> [AVAILABLE DATA]
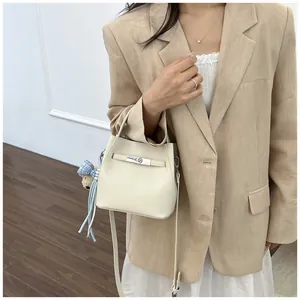 Primer plano de un elegante bolso cubo crema con cierre metálico llevado por modelo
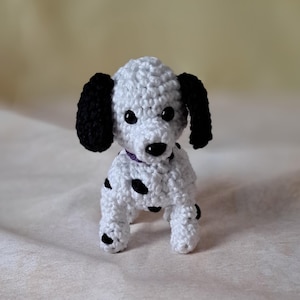 Puede incluir: Un perro dálmata de crochet blanco con manchas negras y orejas negras. El perro lleva un collar morado.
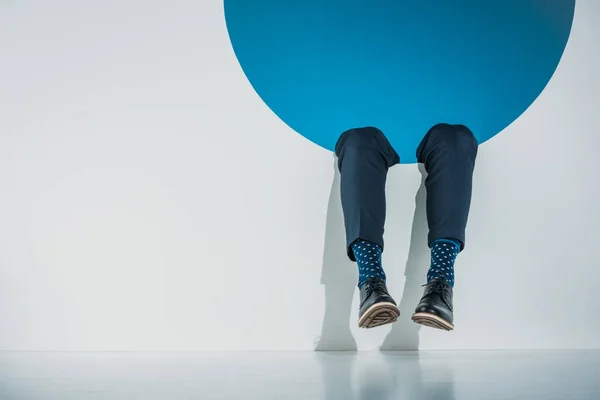 Section basse de élégant jeune homme tombant dans le trou sur gris — Photo de stock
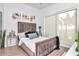 Comfortable bedroom featuring a stylish gray bed, wood floors, modern artwork, and light-filtering shades at 449 S 12Th St # 504, Tampa, FL 33602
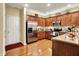 Modern kitchen featuring stainless steel appliances, wooden cabinets, and a hardwood floor at 1141 Lazio Ct, Greenwood, IN 46143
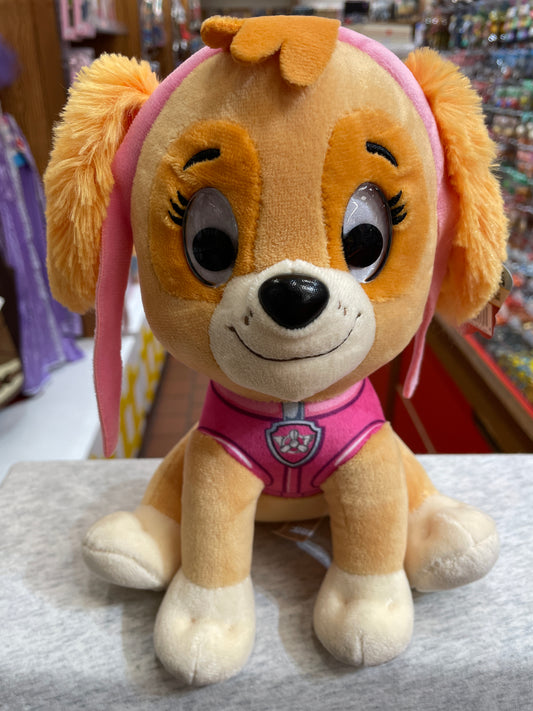 Gund Paw Patrol Skye plush toy, 9-inch, featuring a smiling Cockapoo in pink pilot uniform with goggles, sitting on display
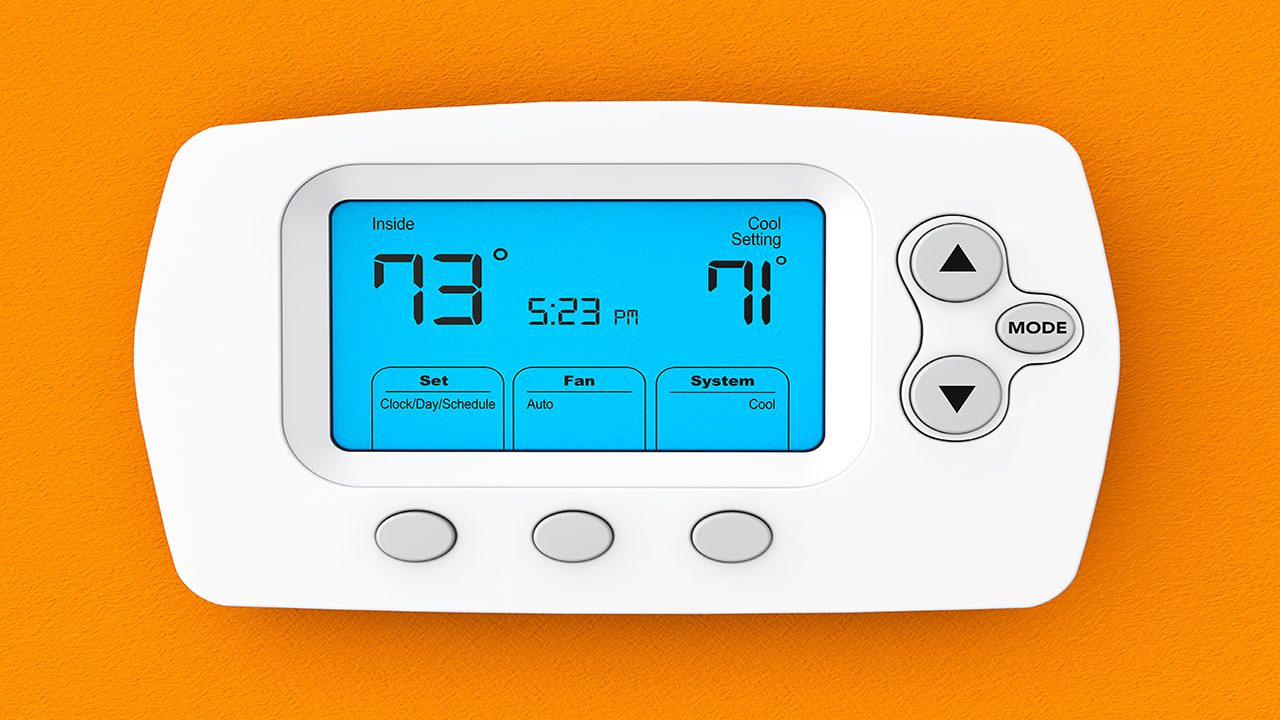 Modern Programming Thermostat on a orange wall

> [WORK TO BE COMPLETED] Exclude the images and copy every record above exactly.

> [TASK RESULT]
 Primer plano de un elegante bolso cubo crema con cierre metálico llevado por modelo
 Puede incluir: Un perro dálmata de crochet blanco con manchas negras y orejas negras. El perro lleva un collar morado.
 Section basse de élégant jeune homme tombant dans le trou sur gris — Photo de stock
 Comfortable bedroom featuring a stylish gray bed, wood floors, modern artwork, and light-filtering shades at 449 S 12Th St # 504, Tampa, FL 33602
 Modern kitchen featuring stainless steel appliances, wooden cabinets, and a hardwood floor at 1141 Lazio Ct, Greenwood, IN 46143
 Gund Paw Patrol Skye plush toy, 9-inch, featuring a smiling Cockapoo in pink pilot uniform with goggles, sitting on display
 Modern Programming Thermostat on a orange wall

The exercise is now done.